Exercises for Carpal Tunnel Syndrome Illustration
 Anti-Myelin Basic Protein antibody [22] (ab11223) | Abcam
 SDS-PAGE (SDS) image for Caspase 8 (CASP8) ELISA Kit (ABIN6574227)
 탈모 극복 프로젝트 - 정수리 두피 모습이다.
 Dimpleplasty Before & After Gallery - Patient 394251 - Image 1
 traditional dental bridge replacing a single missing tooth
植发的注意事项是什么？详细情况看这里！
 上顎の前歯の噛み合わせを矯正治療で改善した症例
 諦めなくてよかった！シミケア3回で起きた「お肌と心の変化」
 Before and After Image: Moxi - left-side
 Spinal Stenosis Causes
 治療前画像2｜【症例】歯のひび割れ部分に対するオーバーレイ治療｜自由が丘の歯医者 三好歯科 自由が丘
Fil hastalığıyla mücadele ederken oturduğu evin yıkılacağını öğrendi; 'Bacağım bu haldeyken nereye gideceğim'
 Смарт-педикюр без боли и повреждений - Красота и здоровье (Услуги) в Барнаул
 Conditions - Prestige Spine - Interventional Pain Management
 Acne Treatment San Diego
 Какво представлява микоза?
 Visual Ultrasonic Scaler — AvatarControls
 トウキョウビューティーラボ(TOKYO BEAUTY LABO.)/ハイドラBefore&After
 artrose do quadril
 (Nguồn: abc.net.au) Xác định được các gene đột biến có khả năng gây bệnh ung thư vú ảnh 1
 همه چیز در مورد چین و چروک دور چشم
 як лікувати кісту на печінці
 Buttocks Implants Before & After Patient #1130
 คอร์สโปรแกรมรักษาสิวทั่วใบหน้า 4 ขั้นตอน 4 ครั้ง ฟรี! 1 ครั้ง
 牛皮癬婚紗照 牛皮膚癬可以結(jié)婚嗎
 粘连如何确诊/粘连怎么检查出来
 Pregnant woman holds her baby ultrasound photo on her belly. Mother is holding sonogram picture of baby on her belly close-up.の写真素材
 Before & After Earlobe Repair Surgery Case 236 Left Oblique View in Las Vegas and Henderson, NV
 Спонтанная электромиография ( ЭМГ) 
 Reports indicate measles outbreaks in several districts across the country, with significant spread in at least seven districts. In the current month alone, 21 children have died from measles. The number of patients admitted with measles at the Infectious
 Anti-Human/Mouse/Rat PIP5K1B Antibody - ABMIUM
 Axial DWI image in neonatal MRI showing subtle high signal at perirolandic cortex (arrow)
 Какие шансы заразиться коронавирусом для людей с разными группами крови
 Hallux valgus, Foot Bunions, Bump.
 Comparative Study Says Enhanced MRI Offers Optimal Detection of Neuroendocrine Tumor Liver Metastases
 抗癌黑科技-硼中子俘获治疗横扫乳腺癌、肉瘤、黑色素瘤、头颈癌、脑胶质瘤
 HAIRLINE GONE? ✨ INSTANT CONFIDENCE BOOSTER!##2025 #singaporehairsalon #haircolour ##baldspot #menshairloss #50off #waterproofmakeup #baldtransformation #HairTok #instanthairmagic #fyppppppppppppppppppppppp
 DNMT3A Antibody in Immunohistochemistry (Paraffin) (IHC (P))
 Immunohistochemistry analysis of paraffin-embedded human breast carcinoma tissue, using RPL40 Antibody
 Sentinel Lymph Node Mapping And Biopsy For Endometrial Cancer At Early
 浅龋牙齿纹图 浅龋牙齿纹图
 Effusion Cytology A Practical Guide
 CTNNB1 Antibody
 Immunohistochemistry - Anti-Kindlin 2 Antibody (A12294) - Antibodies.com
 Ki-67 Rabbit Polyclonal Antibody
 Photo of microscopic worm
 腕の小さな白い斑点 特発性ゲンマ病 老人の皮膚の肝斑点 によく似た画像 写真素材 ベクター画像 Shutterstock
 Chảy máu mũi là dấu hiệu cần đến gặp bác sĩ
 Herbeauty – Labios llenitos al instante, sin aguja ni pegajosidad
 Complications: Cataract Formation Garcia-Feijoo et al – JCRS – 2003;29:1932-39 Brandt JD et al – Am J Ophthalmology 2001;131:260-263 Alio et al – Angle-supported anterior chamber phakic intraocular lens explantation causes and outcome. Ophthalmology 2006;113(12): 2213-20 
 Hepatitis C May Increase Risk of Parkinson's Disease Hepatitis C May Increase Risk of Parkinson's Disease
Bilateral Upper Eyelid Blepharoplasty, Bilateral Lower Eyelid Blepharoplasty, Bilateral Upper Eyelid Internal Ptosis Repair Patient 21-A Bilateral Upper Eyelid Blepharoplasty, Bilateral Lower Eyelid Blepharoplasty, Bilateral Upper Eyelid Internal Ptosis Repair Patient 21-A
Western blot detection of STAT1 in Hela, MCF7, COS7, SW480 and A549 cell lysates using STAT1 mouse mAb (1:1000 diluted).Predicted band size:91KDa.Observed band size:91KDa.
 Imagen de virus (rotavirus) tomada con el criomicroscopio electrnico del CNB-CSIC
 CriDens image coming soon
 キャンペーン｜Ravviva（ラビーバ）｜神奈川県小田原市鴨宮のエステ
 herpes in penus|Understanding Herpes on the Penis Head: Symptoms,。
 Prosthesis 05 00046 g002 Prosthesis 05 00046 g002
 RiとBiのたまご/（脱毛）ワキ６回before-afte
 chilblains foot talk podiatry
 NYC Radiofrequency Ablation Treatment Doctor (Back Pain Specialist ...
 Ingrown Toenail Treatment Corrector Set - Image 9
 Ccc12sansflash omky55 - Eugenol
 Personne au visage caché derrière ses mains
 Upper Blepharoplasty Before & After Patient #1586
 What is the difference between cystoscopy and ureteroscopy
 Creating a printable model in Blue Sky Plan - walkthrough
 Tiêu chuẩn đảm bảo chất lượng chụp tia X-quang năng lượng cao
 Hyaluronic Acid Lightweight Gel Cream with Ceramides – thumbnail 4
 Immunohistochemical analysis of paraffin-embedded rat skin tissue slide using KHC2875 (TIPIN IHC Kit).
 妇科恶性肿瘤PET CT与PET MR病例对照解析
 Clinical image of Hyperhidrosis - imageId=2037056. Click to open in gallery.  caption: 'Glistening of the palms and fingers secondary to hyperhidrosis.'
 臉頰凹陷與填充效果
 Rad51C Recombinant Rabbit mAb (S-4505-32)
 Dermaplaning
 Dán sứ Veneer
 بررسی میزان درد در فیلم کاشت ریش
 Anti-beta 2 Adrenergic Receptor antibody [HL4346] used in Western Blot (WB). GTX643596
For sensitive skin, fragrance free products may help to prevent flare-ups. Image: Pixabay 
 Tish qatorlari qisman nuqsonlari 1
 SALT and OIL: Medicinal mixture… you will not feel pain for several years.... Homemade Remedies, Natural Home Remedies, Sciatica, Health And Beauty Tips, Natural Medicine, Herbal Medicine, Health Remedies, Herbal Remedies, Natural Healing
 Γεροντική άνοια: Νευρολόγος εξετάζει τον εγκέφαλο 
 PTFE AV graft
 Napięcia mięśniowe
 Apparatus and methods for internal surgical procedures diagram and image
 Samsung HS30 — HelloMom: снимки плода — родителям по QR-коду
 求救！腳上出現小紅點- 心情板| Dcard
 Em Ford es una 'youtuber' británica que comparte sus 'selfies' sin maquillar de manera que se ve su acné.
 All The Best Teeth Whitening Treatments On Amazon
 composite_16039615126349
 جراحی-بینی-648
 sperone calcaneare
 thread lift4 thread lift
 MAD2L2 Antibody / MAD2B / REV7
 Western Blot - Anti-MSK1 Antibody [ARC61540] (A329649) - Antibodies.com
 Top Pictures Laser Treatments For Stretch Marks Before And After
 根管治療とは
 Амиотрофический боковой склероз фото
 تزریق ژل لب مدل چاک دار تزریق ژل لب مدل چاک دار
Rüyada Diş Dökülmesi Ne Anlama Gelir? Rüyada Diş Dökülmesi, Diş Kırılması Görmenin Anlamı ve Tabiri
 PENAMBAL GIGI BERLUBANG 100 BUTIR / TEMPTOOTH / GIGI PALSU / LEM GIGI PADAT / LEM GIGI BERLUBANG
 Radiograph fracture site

§ **ACTION ITEM**: Repeat exactly, please, each line from the beginning of the data through the line with "上顎の前歯の噛み合わせを矯正治療で改善した症例" in it, and only those lines.

§ **ANSWER BOX**:
Exercises for Carpal Tunnel Syndrome Illustration
 Anti-Myelin Basic Protein antibody [22] (ab11223) | Abcam
 SDS-PAGE (SDS) image for Caspase 8 (CASP8) ELISA Kit (ABIN6574227)
 탈모 극복 프로젝트 - 정수리 두피 모습이다.
 Dimpleplasty Before & After Gallery - Patient 394251 - Image 1
 traditional dental bridge replacing a single missing tooth
植发的注意事项是什么？详细情况看这里！
 上顎の前歯の噛み合わせを矯正治療で改善した症例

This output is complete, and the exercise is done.